Segment Start: Supplied material

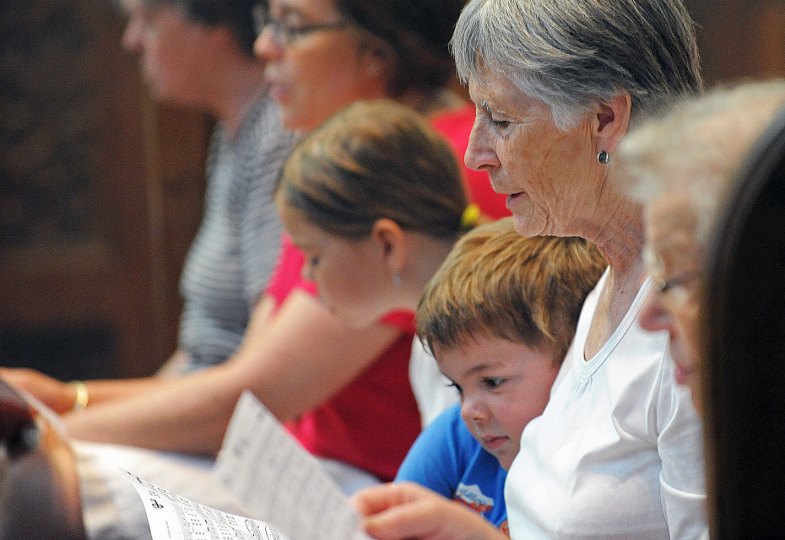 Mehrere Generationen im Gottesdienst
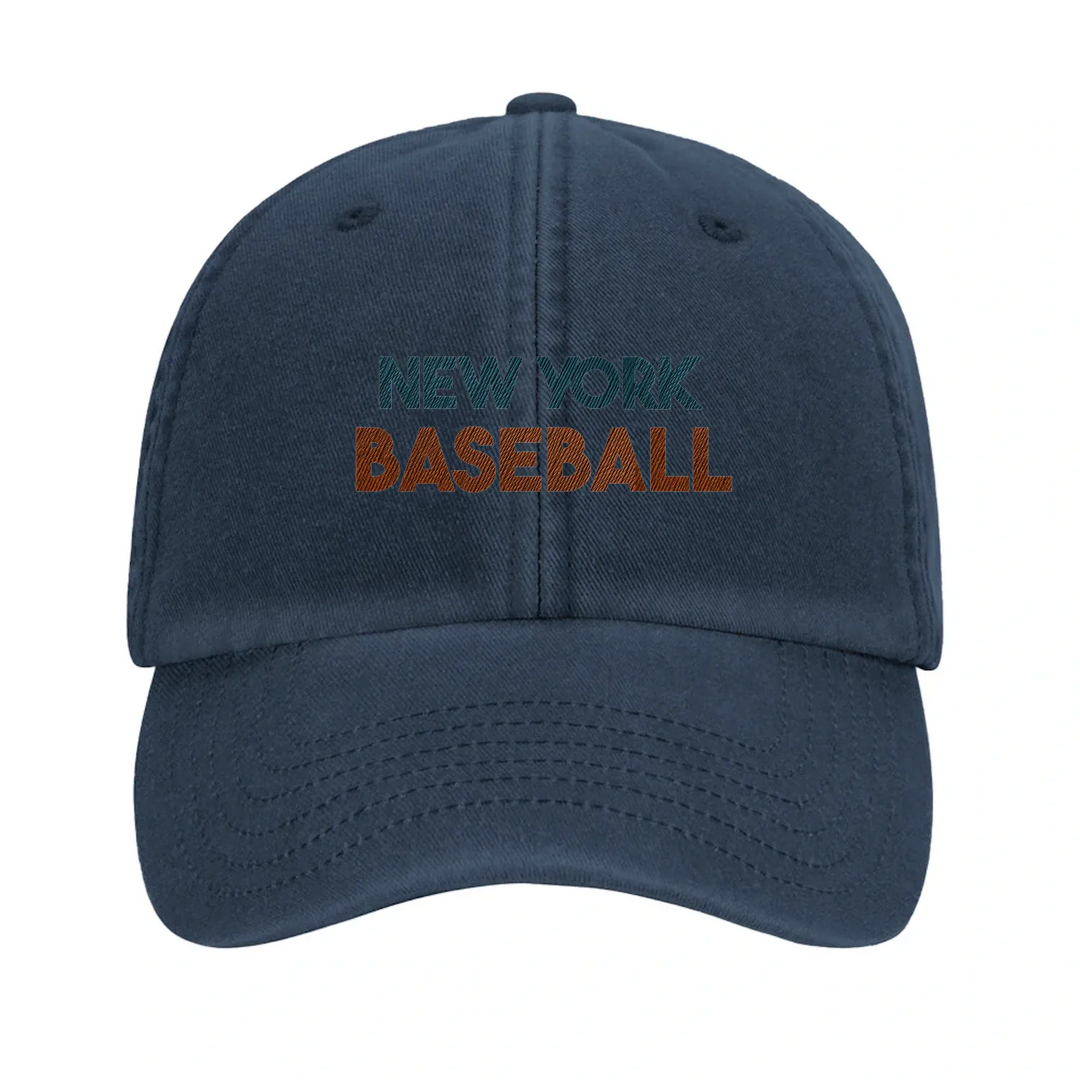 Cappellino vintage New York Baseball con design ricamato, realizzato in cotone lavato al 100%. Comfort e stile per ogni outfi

Segment End: Supplied material
Segment Start: Supplied material

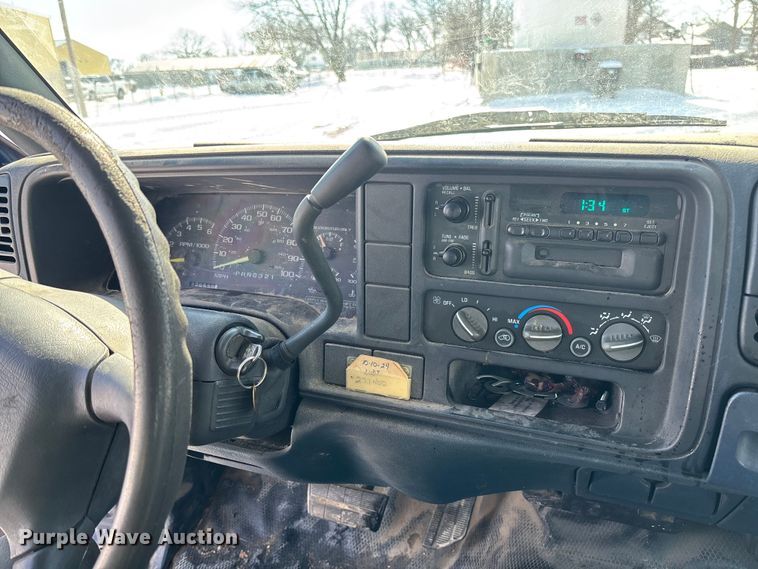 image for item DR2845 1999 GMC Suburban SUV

Segment End: Supplied material

Exercise brief →
Starting at the line above that holds "Mehrere Generationen im Gottesdienst", repeat every line exactly down to and including the line that holds "Cappellino vintage New", then stop. Do not carry over any pictures.

Written reply →
 Mehrere Generationen im Gottesdienst
 Cappellino vintage New York Baseball con design ricamato, realizzato in cotone lavato al 100%. Comfort e stile per ogni outfi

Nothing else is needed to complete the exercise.